Customer research: How do we know the segments survey analysis revealed are actually practical, human, or correct? Well, customer interviews reveal the “why” around segment attitudes and needs, augmented by observed behaviors that confirm and often course correct segment definition. For instance,busy parents don’t have time to research; they depend on other’s recommendations. Sometimes observing how a segment shops online or in store reveals a need that did not emerge in the survey, prompting a change to the segment definition. Most importantly, ethnographic research humanizes the segments by allowing researchers to put a name and persona details to the segments. This allows marketers and designers to create tangible experiences and define value propositions for a single person that represent the segment’s needs vs. for an esoteric faceless segment.

Customer data: Retailers possess a wealth of data within their CRM and transactional systems about their customers. Analyzing this data can reveal insights on who the purchasers are, what they buy, at what frequency, via which channels, and when. While customer data analysis can reveal demographic and geographic segmentation along with customer profitability and lifetime value, it does not answer three key questions: One, why are customers buying from the retailer? Two, where else are they shopping? Three, who is not purchasing and why? This is where the previous two steps converge. Augmenting the dataset with third party data allows clustering of existing customers who have bought in the past into the same segments identified in the survey analysis and then confirmed by customer research. Comparing the size of the CRM clusters to the survey clusters shows the extent to which the retailer is able to attract a segment or not. Magic is just one step away when insights reveal sub-segment level details — mobile vs. desktop shoppers, customers that drive long distances — which then prompt discussions around value propositions, brand promise, and messaging.

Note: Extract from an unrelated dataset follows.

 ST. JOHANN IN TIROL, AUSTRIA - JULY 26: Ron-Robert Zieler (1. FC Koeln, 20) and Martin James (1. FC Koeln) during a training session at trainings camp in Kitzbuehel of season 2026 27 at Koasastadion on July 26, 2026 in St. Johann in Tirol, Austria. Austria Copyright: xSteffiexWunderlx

Pay attention to behaviorally-based segments

Customer segmentation provides numerous benefits if used uniformly across the organization vs. solely for product development or marketing. For instance, it can highlight a need for customers to have “peace of mind” typically addressed via guarantees and warranties. It can reveal a need for product choice, or show that customers value a frictionless experience. These become value propositions that need to be designed for all customer segments.

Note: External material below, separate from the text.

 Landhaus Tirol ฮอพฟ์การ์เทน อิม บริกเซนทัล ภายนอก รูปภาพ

It’s important to develop segments that are mutually exclusive, however. Here are some illustrative retail segments that could arise from understanding how customers shop:

Impulse buyer: Shoppers who decide to purchase on a whim using last minute, if any, research on other product options or retailers with lower prices.

Convenience shopper: Shoppers who prefer to order from the comfort of their home and have the product(s) delivered to their doorstep.

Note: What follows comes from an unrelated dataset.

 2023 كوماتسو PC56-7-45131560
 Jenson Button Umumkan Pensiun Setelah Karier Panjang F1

Relationship buyer: Shoppers who have a level of comfort with a retailer or need advice consultation: “I have always bought from retailer ABC,” or “Jane helped me the last time and she was great.”

Instant gratifier: An online shopper who understands the best retailer to buy from based on product availability and price but wants to both touch the product and bring it home the same day.

Customizer: A less price sensitive customer who is willing to wait days or weeks for the perfect product configured to their exact taste or needs.

To maximize revenue generation, behavioral segmentation plays a critical role in understanding how and why customers buy. That information is then used to define the “bread and butter” segments, those an organization may be missing, or unprofitable segments that it should suppress. Then companies have to address each segment’s needs without coming across as being everything for everyone. After all, even the most jaded customer wants to feel special.